The Feb 20th issue of Weekly Variety has the now annual, “Uh, oh, the Summer Movie Line-up Looks Way Overcrowded” story. However, it’s still more than relevant. As noted below, the year’s movies so far have done little to assuage Hollywood’s ongoing straits. Without a single breakthrough movie yet seen this year, hopes are once again being pinned on a huge summer.
The problem, though, is that with so many high profile movies being released—the majority of weekends between May 5th and July 7th see the release of one huge movie—these films risk piling up atop of one another and bombing massively.
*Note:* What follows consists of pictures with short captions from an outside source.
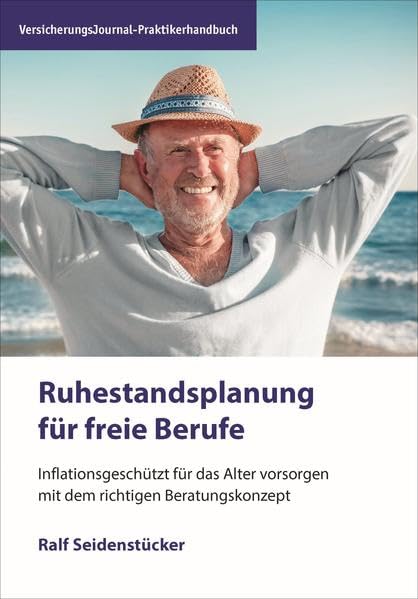 Ruhestandsplanung für freie Berufe: Inflationsgeschützt für das Alter vorsorgen mit dem richtigen Beratungskonzept Law
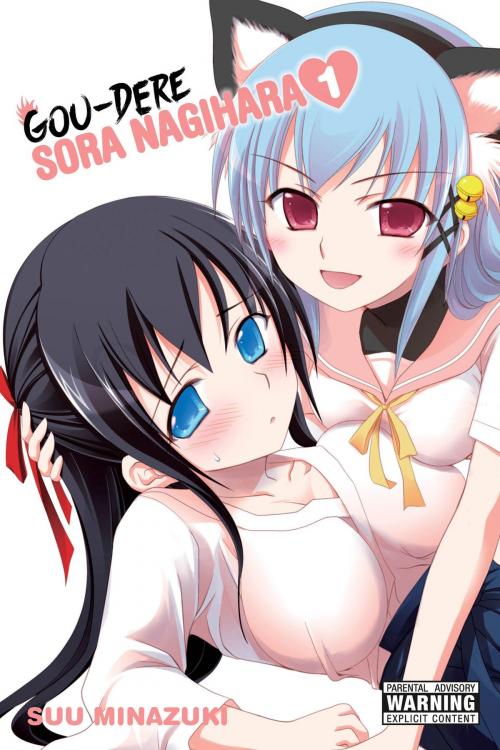 Cover of the book Gou-dere Sora Nagihara, Vol. 1 by Suu Minazuki, Yen Press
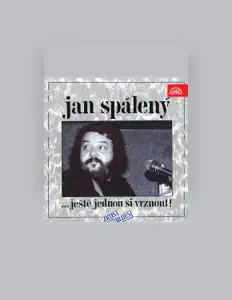 聆聽 Jan Spálený、觀看音樂影片、閱讀小傳、查看巡演日期等！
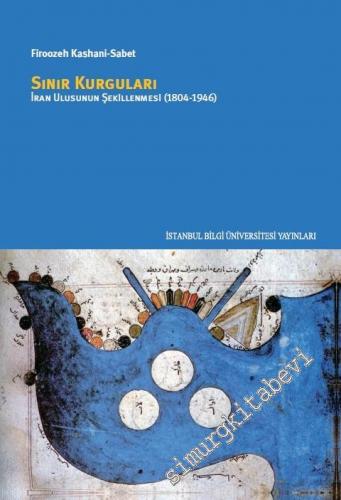 Sınır Kurguları: İran Ulusunun Şekillenmesi 1804 - 1946 -        2018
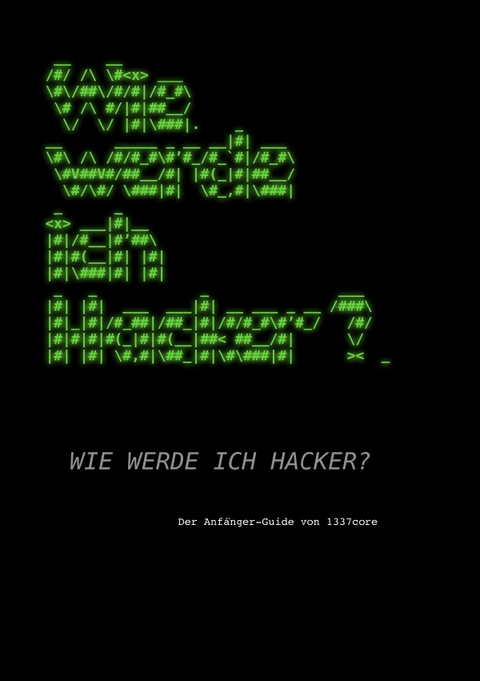 Wie werde ich Hacker? - 1337 Core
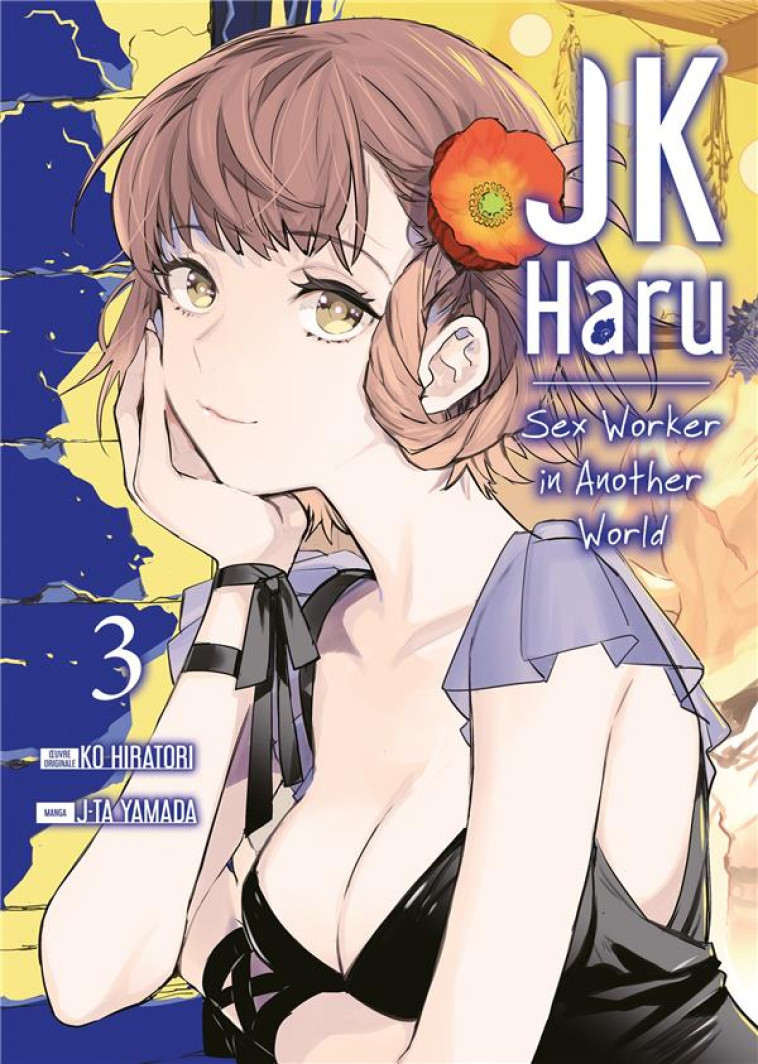 JK HARU: SEX WORKER IN ANOTHER WORLD - TOME 3 - HIRATORI KO - MEIAN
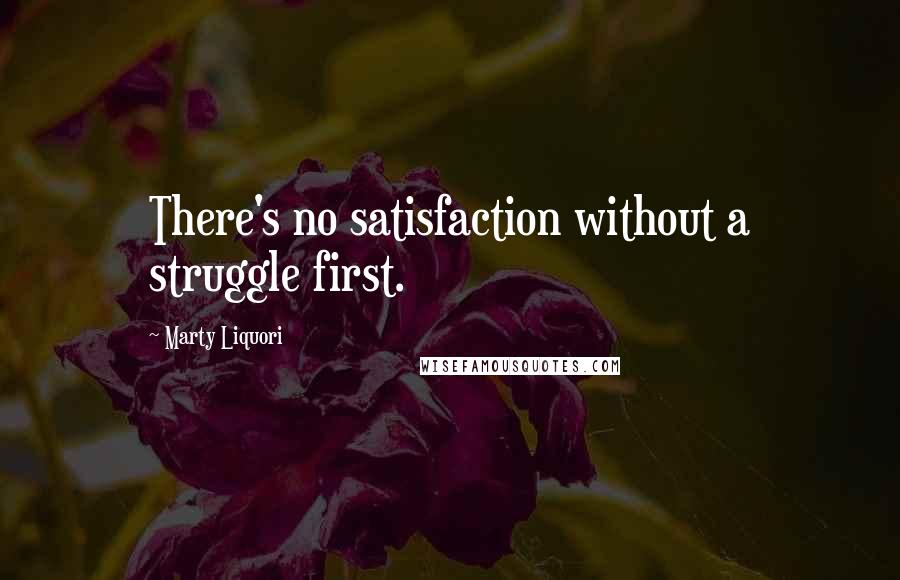 Marty Liquori Quotes: There's no satisfaction without a struggle first.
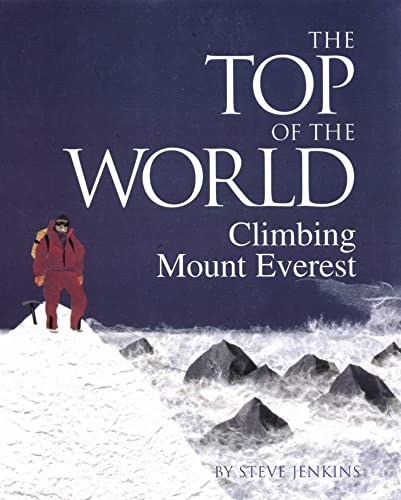 Stock image for The Top of the World: Climbing Mount Everest for sale by Your Online Bookstore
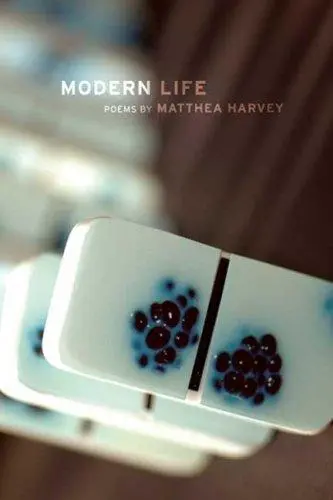 Harvey, Matthea: Modern Life 1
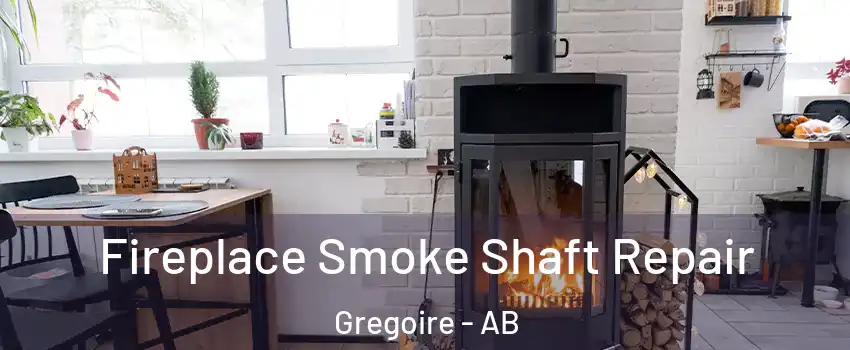  Fireplace Smoke Shaft Repair Gregoire - AB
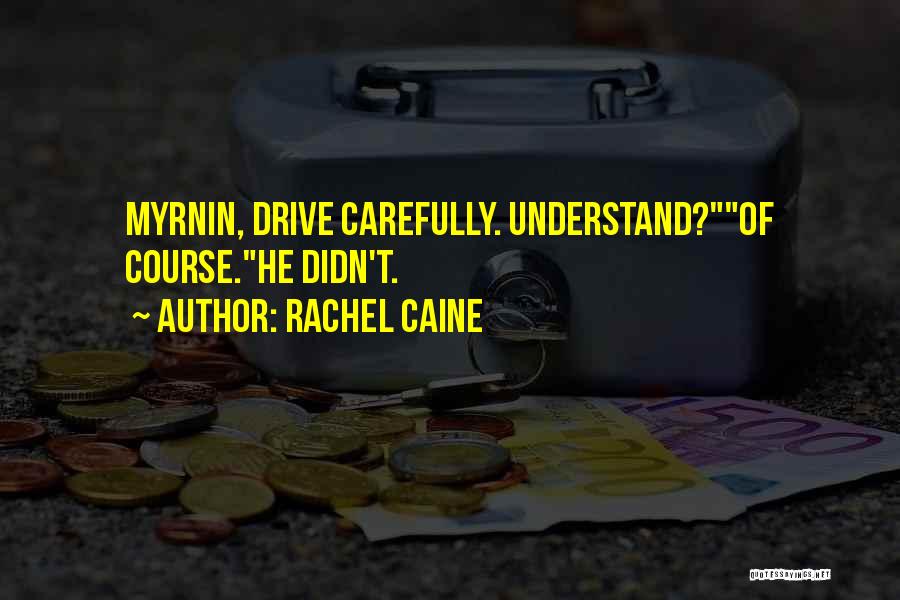 Rachel Caine Quotes: Myrnin, Drive Carefully. Understand?of Course.he Didn't.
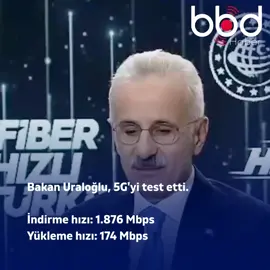 Bakan Uraloğlu, 5G'yi test etti. İndirme hızı: 1.876 Mbps Yükleme hızı: 174 Mbps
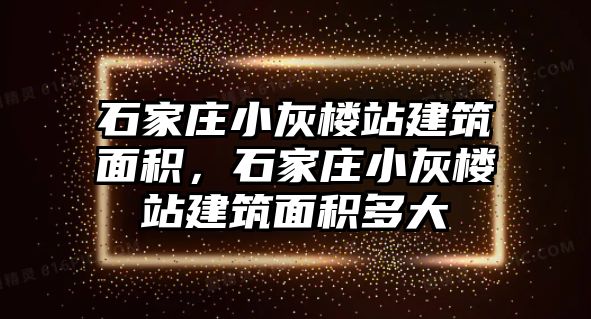 石家莊小灰樓站建筑面積，石家莊小灰樓站建筑面積多大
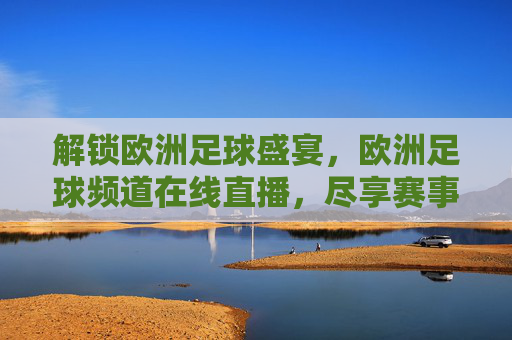 解锁欧洲足球盛宴，欧洲足球频道在线直播，尽享赛事精彩瞬间，解锁欧洲足球盛宴，在线直播尽享赛事精彩瞬间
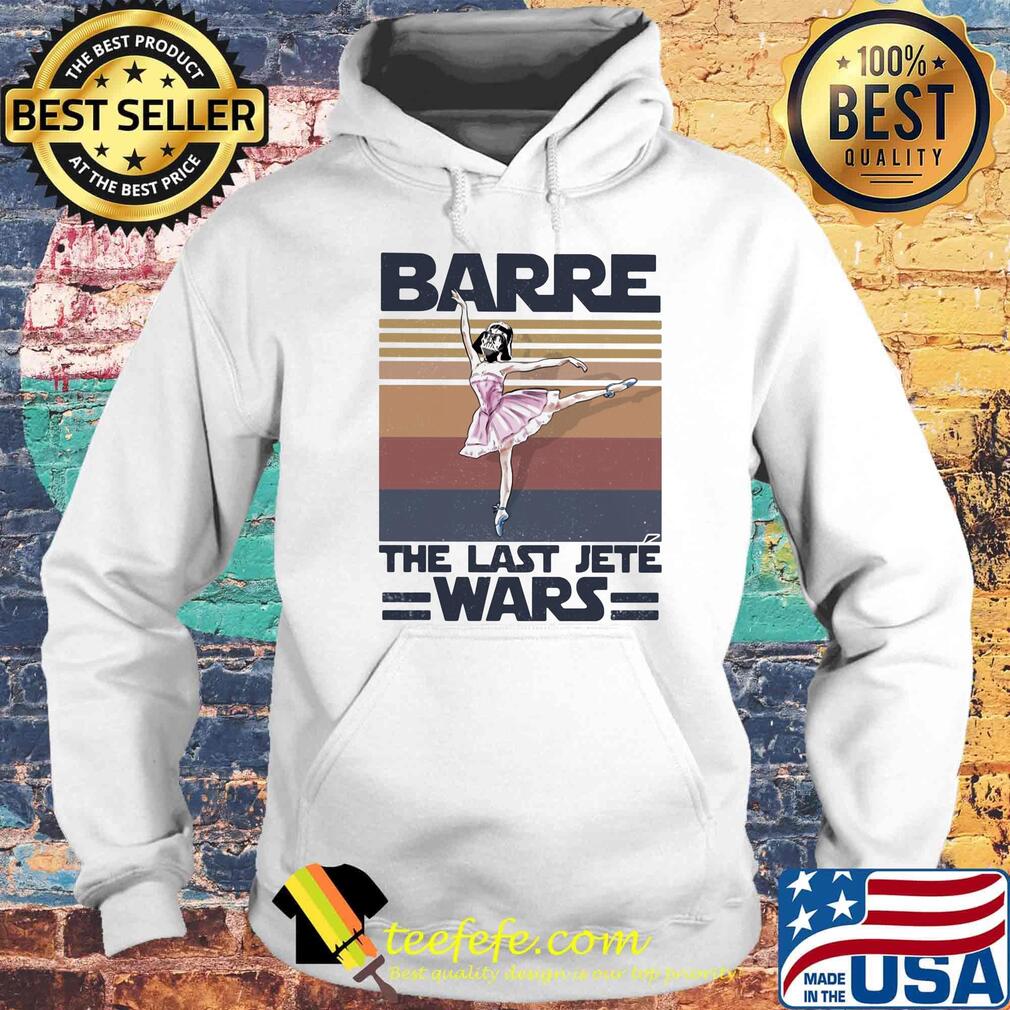 Barre the last jete wars vintage retro s Hoodie Barre the last jete wars vintage retro s Hoodie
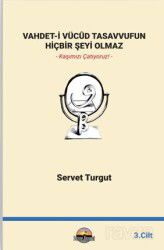 Vahdet-İ Vücûd Tasavvufun Hiçbir Şeyi Olmaz Cilt 3 - Seriyye Yayınevi (Ankara)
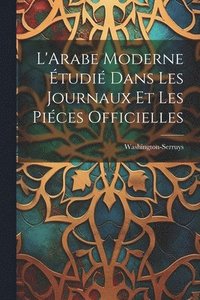bokomslag L'Arabe Moderne tudi Dans les Journaux et les Pices Officielles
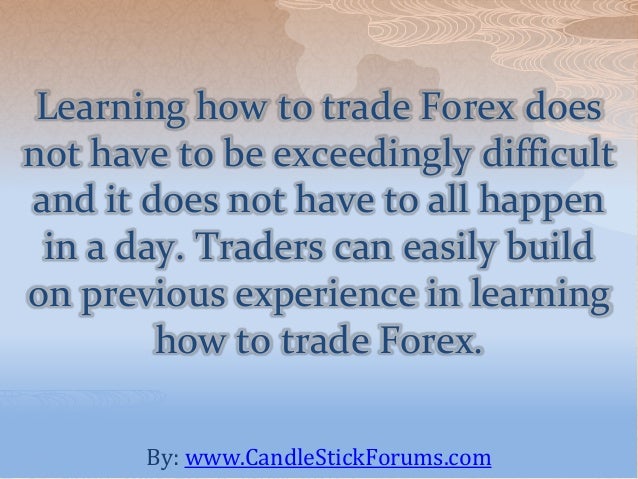Learn how to forex trade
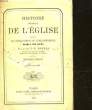 HISTOIRE GENERALE DE L'EGLISE DEPUIS LE COMMENTCEMENT DE L'ERE CHRETIENNE - TOME 3. DARRAS J. E.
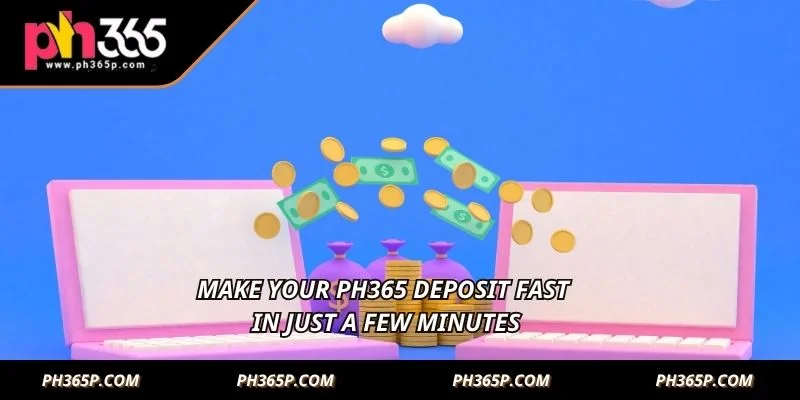 Make your PH365 Deposit fast in just a few minutes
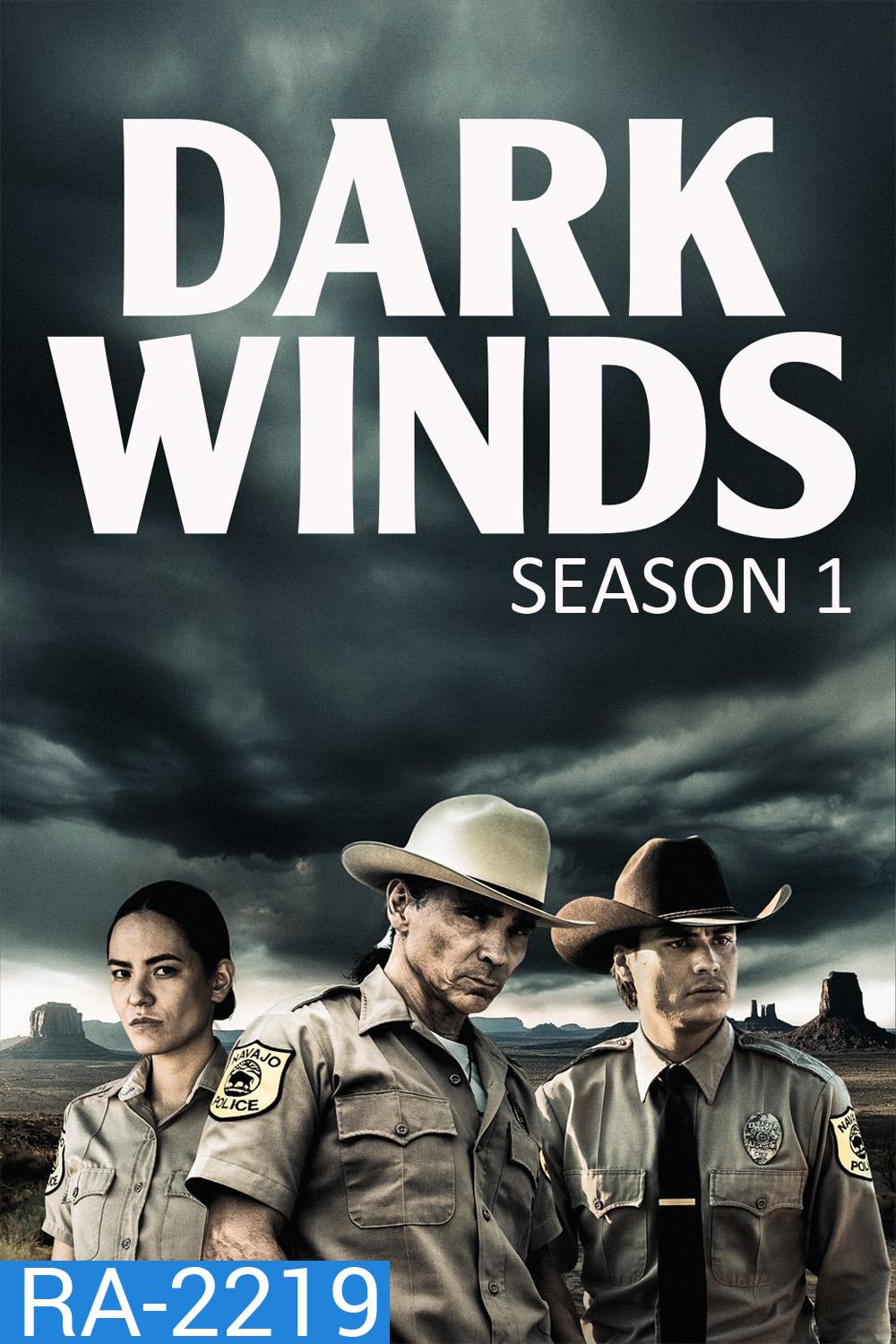 Dark Winds Season 1 (2022) สายลมแห่งความมืด ซีซั่น 1 {6 ตอนจบ}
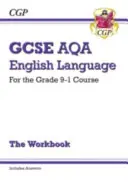 GCSE English Language AQA Exam Practice Workbook - for the Grade 9-1 Course (includes Answers) (en anglais) - GCSE English Language AQA Exam Practice Workbook - for the Grade 9-1 Course (includes Answers)
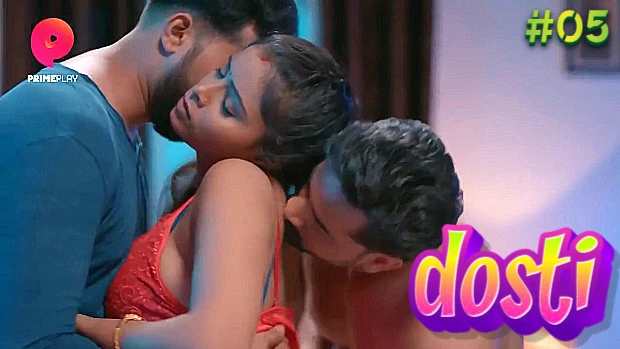 Dosti Hd Sex Videos - Dosti â€“ S01E05 â€“ 2023 â€“ Hindi Hot Web Series â€“ PrimePlay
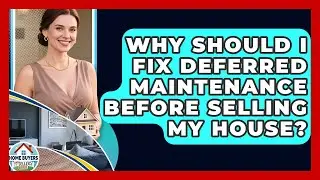 Why Should I Fix Deferred Maintenance Before Selling My House? - Home Buyers and Sellers Guide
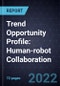 Trend Opportunity Profile: Human-robot Collaboration - Product Image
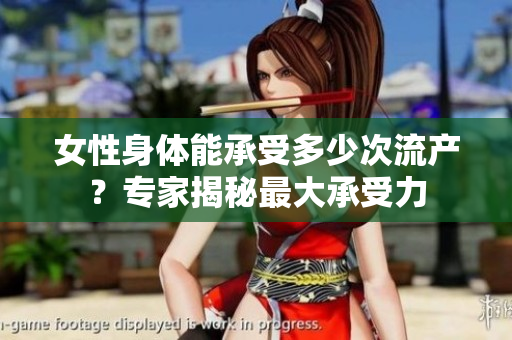 女性身體能承受多少次流產(chǎn)？專家揭秘最大承受力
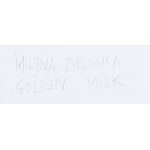 Milena Zielonka (ur. 1996), Golden milk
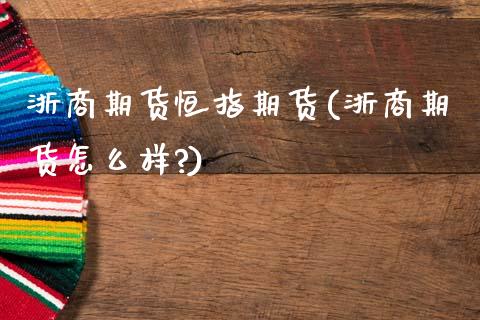 浙商期货恒指期货(浙商期货怎么样?)_国际期货_第1张_期货直播室 浙商期货恒指期货(浙商期货怎么样?)_https://www.zghnxxa.com_国际期货_第1张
May 5: Mission: Impossible 3
May 12: Poseidon
May 19: The Da Vinci Code
May 26: X-Men Three
June 6: Omen 666
June 9: Cars
June 30: Superman Returns
July 7: Pirates of the Caribbean: Dead Man’s Chest
And that’s just the blockbusters. Each week will also see, naturally, smaller movies hoping to catch some box office crumbs.
The problem isn’t that many of these films won’t have predictably big opening weekends (although it’s hard to see a Harry Potter or Spider-Man 2 or Star Wars in the bunch, save perhaps Superman Returns), but that they will make a goodly amount one weekend, be decisively pushed out of the number one spot the next week, and be almost forgotten by the third. And with many of the budgets for this things being simply huge—Poseidon‘s production budget alone, sans the tens of millions more in advertising and print costs, is a reported $150 million—chances are that the majority of these are going to lose money in the States, and will be praying for strong overseas sales.
Pirates probably has the best shot. It actually has a clear couple of weeks before the next ‘big’ film, Michael Mann’s reportedly $200 million (!!) remake of his old Miami Vice TV show. I can’t imagine that one not bombing, although that’s partly because I don’t get Colin Farrell at all, and he’s assuming the Don Johnson role. And Cars is this year’s animated movie, so that should probably do pretty well, although perhaps not Finding Nemo or Shrek big.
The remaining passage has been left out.